Evil Capitalist Matt Perry isn't given much to do other than raise the neccessary complaints about closing the dog track, which in this movie more than any other Jaws ripoff I've seen is obviously nothing more than slavish following of genre procedure without considering whether or not it actually makes a damn lick of sense.  After all, Father Farrow is the only person who knows the snake is actively evil.  Sheridan and Hendricks's panic seems like an awfully big overreaction.  Even though the bites are clearly from a snake not native to the area, thousands of people swarming through the town would drive any normal snake to run and hide, not slither into town and start attacking everyone it could find.  Even agressive snakes like black mambas would steer clear of the mass noise and confusion of something like a busy dog track.  However, he is given one scene of character development that seems like it came from a completely different movie, and accomplishes the exact opposite of what it tries to do.  The two scientists have managed to get the mayor to agree to a curfew, and Perry's young daughter (played by Christina Applegate in her very first role) breaks it to go outside and find her pet cat who ran out into the garden (these people are rich as hell, you'd think they could afford to get their unbelievably skanky-looking cat's shots updated; I'm pretty sure the thing has mange, scurvy, gout, and possibly AIDS).  When she walks into the living room where her mother had just been giving her father a severely bitchy tongue lashing for being a heartless bastard, "You've changed, and it isn't a pleasant one", mom snaps at her in a way that is clearly not borne of concern for her safety and grounds her for a week, right after we see Perry kissing his daughter on the head and asking if she and the cat are okay!  It's a good way to humanize your Evil Capitalist, but it's done in a way that more makes him look not evil at all, but browbeaten by a nagging wife into buying her fancy things.

And finally we have Father Farrow's confused and confusing ancestry.  It is made very clear that he comes from a family with a long history in the church.  His uncle, father, grandfather, and presumably farther back than that, have all been priests.  And yet, when he goes to ask his uncle's advice about the killings and his waning faith, he is presented with a big book written in Gaelic which tells that they are descended from Druid witch burners (which is a big enough head shaker all in itself, and the fact that it's only part of the muddled theology of this ridiculous movie is staggering), and that one of their line (one of the Druids, mind, not one of the priests) once faced and defeated a Satanic snake while dressed in his raiments but without his cross (!?) and used some kind of golden sigil to drive the thing back to Hell.  Of course, in the end they forget all about that golden sigil, and Farrow uses light reflected from his cross necklace like a holy laser beam to destroy the snake, which is one of many instances that makes you wish that, if the movie wasn't going to put any effort into being good, it could at least dive off the rails at full speed like the most entertaining of its Italian brethren.
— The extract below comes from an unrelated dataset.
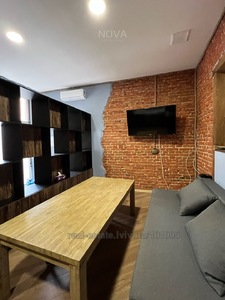 Buy an apartment, Knyazya-Romana-vul, Lviv, Galickiy district, id 4942820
A more thoughtful movie (Rawhead Rex is a good example), would have played on the practice of the Church of supressing through assimilation all the pagan religions of any area it swept through (because those pagans all seemed to have a lot of fun, and God hates fun), and showed how Farrow had to regain his faith by reaching past his Christianity and embracing the heathen history of his family.  But then they had to go and explicitly state over and over again that his ancestors were Catholic Druids who burned witches.  Makes the visible stagehand bonking the cobra's head against a window seem subtle by comparison, doesn't it?